→ Problem statement
Below are lines of records; copy exactly those from the one containing "Амортизатор передний левыйправый" through the one containing "BMW 5 Series", leaving the pictures behind.
++++ Data under study
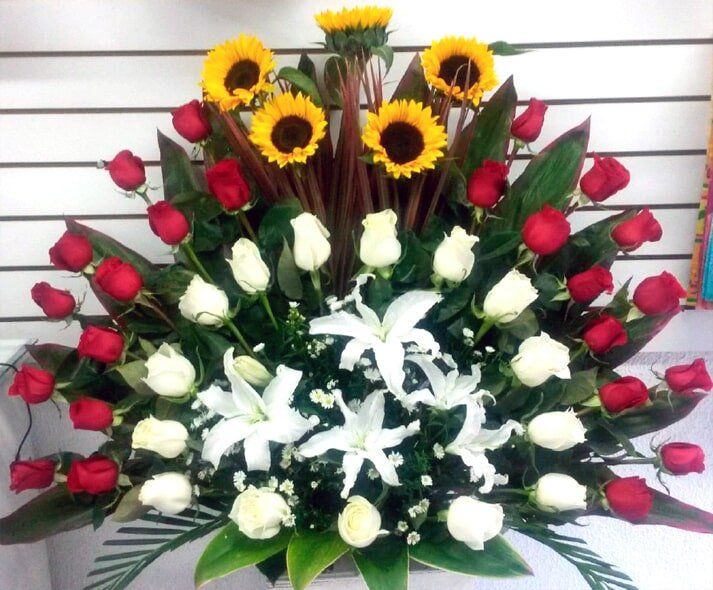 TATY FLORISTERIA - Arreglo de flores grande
++++++++
++++ Data under study
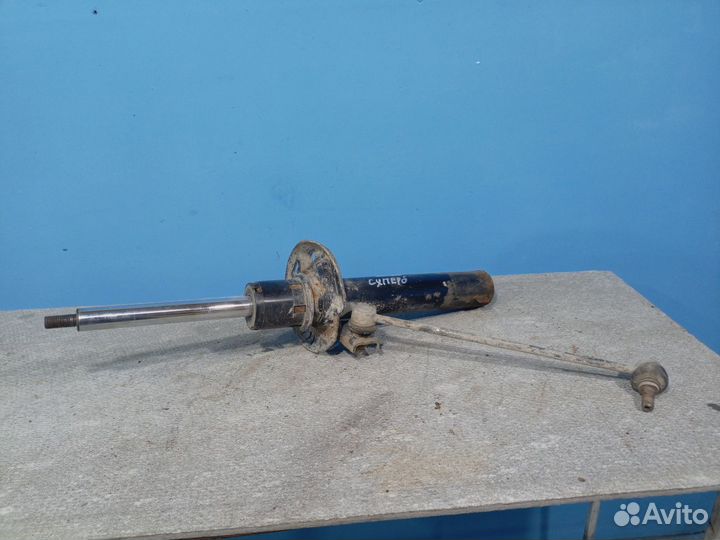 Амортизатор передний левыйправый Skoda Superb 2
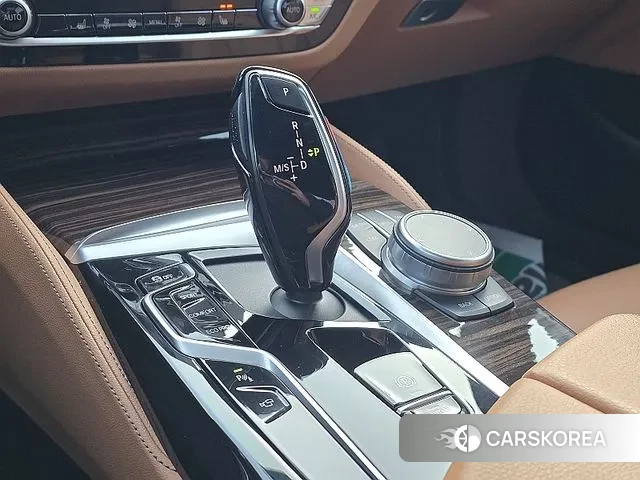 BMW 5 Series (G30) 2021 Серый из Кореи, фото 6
++++++++
→ Answer to the exercise
 Амортизатор передний левыйправый Skoda Superb 2
 BMW 5 Series (G30) 2021 Серый из Кореи, фото 6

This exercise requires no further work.